● **EXERCISE GOAL**
Reproduce all of the data exactly. Images are not to appear in the reply.

● **SUPPLIED MATERIAL**
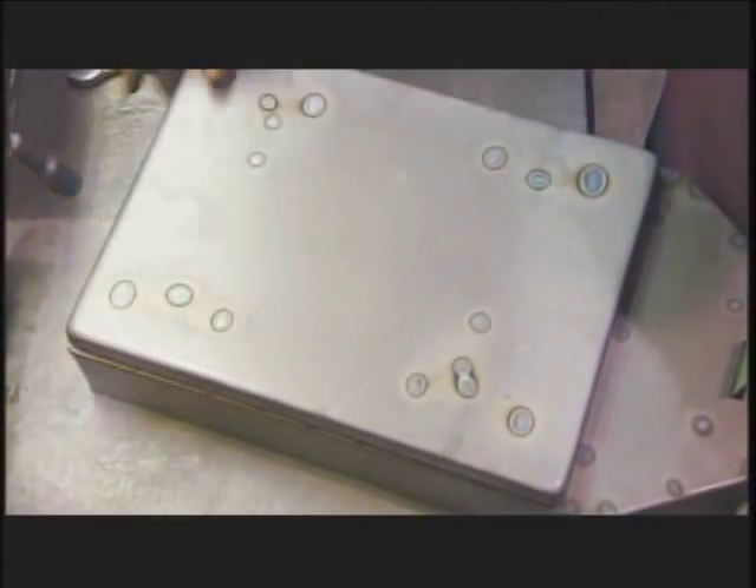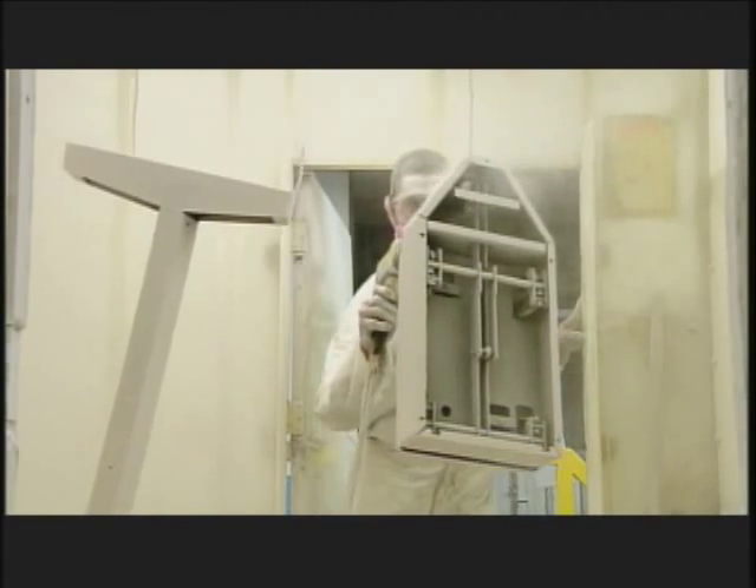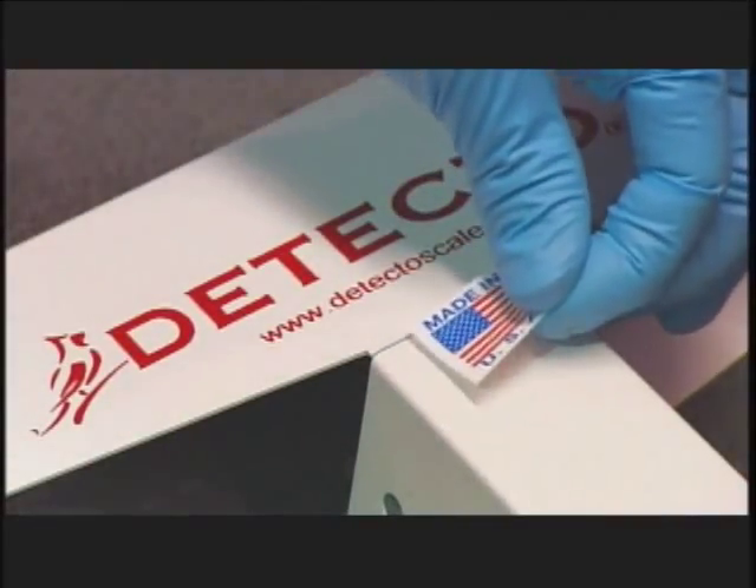Once right side up, the lever mechanism hangs off the platform. The columns receive a coat of electrostatically charged paint that evenly coats the metal for a flawless finish. Once dry, a machine silk screens the brand name onto the column.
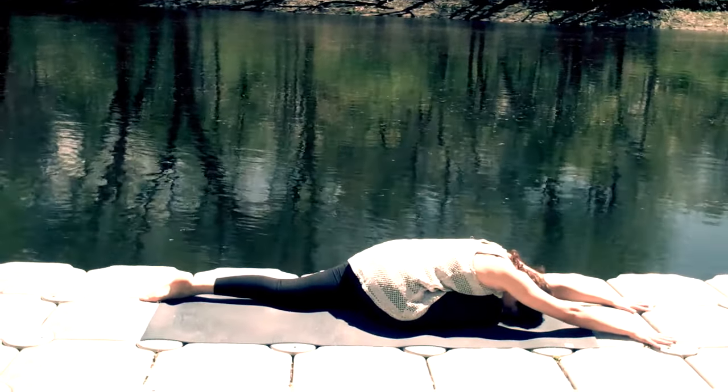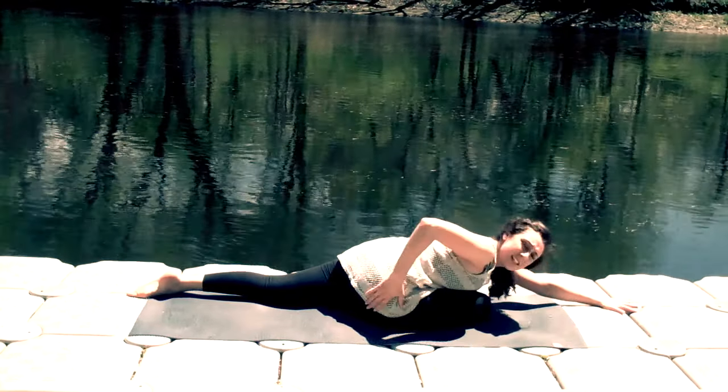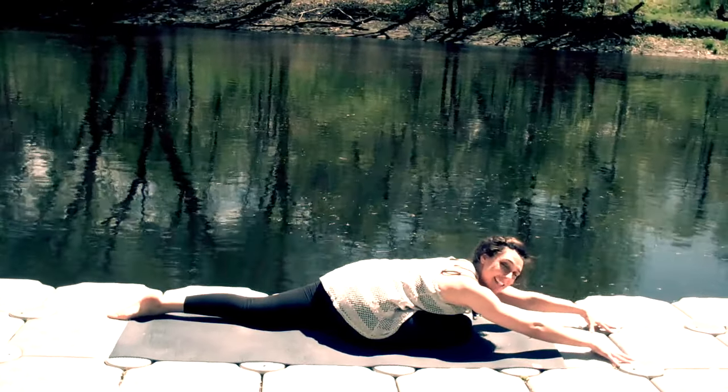Downward facing dog hip opener. Come into a downward facing dog, pressing your palms strongly into the mat, and your heels are working down towards the mat behind you. Don't worry if your heels are up — you're still going to get the same benefit.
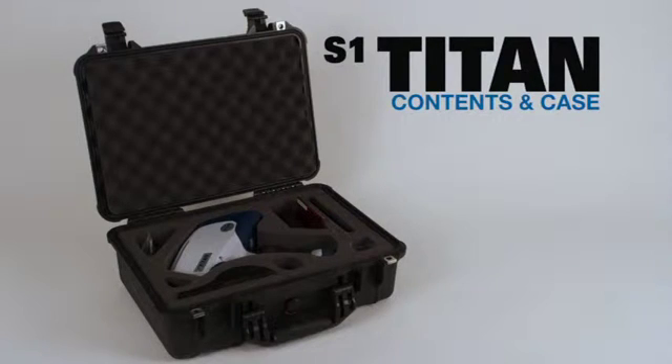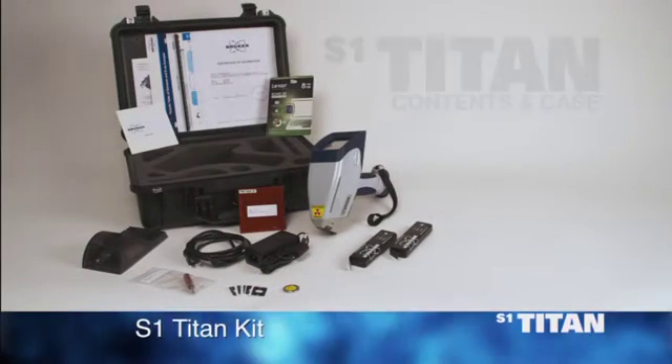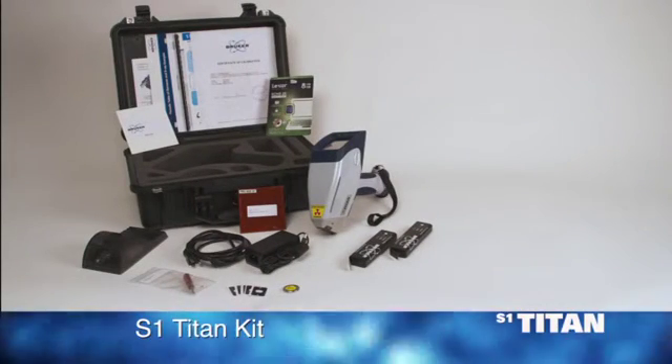The unit comes in a watertight Pelican case. Always return the analyzer to this case when it's not in use. In the case, you will find the following items.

● **WORKED SOLUTION**
Once right side up, the lever mechanism hangs off the platform. The columns receive a coat of electrostatically charged paint that evenly coats the metal for a flawless finish. Once dry, a machine silk screens the brand name onto the column.
Downward facing dog hip opener. Come into a downward facing dog, pressing your palms strongly into the mat, and your heels are working down towards the mat behind you. Don't worry if your heels are up — you're still going to get the same benefit.
The unit comes in a watertight Pelican case. Always return the analyzer to this case when it's not in use. In the case, you will find the following items.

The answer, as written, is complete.